WHAT THE EXERCISE ASKS ▸ Give every entry again, word for word and in full.

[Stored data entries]
Start of Block
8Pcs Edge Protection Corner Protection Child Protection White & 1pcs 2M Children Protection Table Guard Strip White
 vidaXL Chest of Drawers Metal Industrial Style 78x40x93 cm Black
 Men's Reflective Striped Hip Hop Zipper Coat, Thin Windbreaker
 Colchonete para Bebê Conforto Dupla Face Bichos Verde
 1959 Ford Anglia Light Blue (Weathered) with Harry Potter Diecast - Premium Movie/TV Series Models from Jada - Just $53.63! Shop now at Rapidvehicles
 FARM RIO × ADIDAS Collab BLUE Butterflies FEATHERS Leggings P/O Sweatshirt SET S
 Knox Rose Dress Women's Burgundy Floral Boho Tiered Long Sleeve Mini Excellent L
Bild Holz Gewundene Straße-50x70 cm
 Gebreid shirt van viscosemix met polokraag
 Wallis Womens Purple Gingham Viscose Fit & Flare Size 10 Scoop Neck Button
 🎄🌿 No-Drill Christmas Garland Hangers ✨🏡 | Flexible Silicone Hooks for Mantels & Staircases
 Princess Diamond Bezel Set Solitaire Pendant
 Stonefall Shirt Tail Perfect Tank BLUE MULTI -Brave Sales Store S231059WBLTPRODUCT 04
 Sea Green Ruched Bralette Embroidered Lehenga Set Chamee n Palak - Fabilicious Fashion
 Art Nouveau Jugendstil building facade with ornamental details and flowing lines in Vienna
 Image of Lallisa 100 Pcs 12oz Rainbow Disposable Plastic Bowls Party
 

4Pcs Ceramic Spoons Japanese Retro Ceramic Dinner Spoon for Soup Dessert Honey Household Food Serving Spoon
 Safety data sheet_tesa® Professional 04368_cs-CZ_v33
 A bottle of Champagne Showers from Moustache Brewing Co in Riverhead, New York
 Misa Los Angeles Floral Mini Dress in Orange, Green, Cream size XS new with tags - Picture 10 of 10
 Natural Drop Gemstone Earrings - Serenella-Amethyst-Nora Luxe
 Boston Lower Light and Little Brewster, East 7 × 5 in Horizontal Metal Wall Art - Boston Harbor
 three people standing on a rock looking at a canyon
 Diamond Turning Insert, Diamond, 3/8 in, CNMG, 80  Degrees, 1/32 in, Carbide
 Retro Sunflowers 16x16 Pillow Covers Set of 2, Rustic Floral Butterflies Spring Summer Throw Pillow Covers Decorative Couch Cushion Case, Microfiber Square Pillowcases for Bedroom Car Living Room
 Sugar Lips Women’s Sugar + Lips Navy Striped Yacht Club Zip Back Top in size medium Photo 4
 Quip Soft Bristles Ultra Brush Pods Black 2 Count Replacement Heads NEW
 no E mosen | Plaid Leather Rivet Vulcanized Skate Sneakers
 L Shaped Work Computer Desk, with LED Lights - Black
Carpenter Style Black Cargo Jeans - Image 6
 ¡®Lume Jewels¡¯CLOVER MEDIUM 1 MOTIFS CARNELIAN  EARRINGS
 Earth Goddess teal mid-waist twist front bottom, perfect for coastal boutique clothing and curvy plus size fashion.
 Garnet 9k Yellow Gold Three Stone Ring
End of Block
FINAL ANSWER ▸
8Pcs Edge Protection Corner Protection Child Protection White & 1pcs 2M Children Protection Table Guard Strip White
 vidaXL Chest of Drawers Metal Industrial Style 78x40x93 cm Black
 Men's Reflective Striped Hip Hop Zipper Coat, Thin Windbreaker
 Colchonete para Bebê Conforto Dupla Face Bichos Verde
 1959 Ford Anglia Light Blue (Weathered) with Harry Potter Diecast - Premium Movie/TV Series Models from Jada - Just $53.63! Shop now at Rapidvehicles
 FARM RIO × ADIDAS Collab BLUE Butterflies FEATHERS Leggings P/O Sweatshirt SET S
 Knox Rose Dress Women's Burgundy Floral Boho Tiered Long Sleeve Mini Excellent L
Bild Holz Gewundene Straße-50x70 cm
 Gebreid shirt van viscosemix met polokraag
 Wallis Womens Purple Gingham Viscose Fit & Flare Size 10 Scoop Neck Button
 🎄🌿 No-Drill Christmas Garland Hangers ✨🏡 | Flexible Silicone Hooks for Mantels & Staircases
 Princess Diamond Bezel Set Solitaire Pendant
 Stonefall Shirt Tail Perfect Tank BLUE MULTI -Brave Sales Store S231059WBLTPRODUCT 04
 Sea Green Ruched Bralette Embroidered Lehenga Set Chamee n Palak - Fabilicious Fashion
 Art Nouveau Jugendstil building facade with ornamental details and flowing lines in Vienna
 Image of Lallisa 100 Pcs 12oz Rainbow Disposable Plastic Bowls Party
 

4Pcs Ceramic Spoons Japanese Retro Ceramic Dinner Spoon for Soup Dessert Honey Household Food Serving Spoon
 Safety data sheet_tesa® Professional 04368_cs-CZ_v33
 A bottle of Champagne Showers from Moustache Brewing Co in Riverhead, New York
 Misa Los Angeles Floral Mini Dress in Orange, Green, Cream size XS new with tags - Picture 10 of 10
 Natural Drop Gemstone Earrings - Serenella-Amethyst-Nora Luxe
 Boston Lower Light and Little Brewster, East 7 × 5 in Horizontal Metal Wall Art - Boston Harbor
 three people standing on a rock looking at a canyon
 Diamond Turning Insert, Diamond, 3/8 in, CNMG, 80  Degrees, 1/32 in, Carbide
 Retro Sunflowers 16x16 Pillow Covers Set of 2, Rustic Floral Butterflies Spring Summer Throw Pillow Covers Decorative Couch Cushion Case, Microfiber Square Pillowcases for Bedroom Car Living Room
 Sugar Lips Women’s Sugar + Lips Navy Striped Yacht Club Zip Back Top in size medium Photo 4
 Quip Soft Bristles Ultra Brush Pods Black 2 Count Replacement Heads NEW
 no E mosen | Plaid Leather Rivet Vulcanized Skate Sneakers
 L Shaped Work Computer Desk, with LED Lights - Black
Carpenter Style Black Cargo Jeans - Image 6
 ¡®Lume Jewels¡¯CLOVER MEDIUM 1 MOTIFS CARNELIAN  EARRINGS
 Earth Goddess teal mid-waist twist front bottom, perfect for coastal boutique clothing and curvy plus size fashion.
 Garnet 9k Yellow Gold Three Stone Ring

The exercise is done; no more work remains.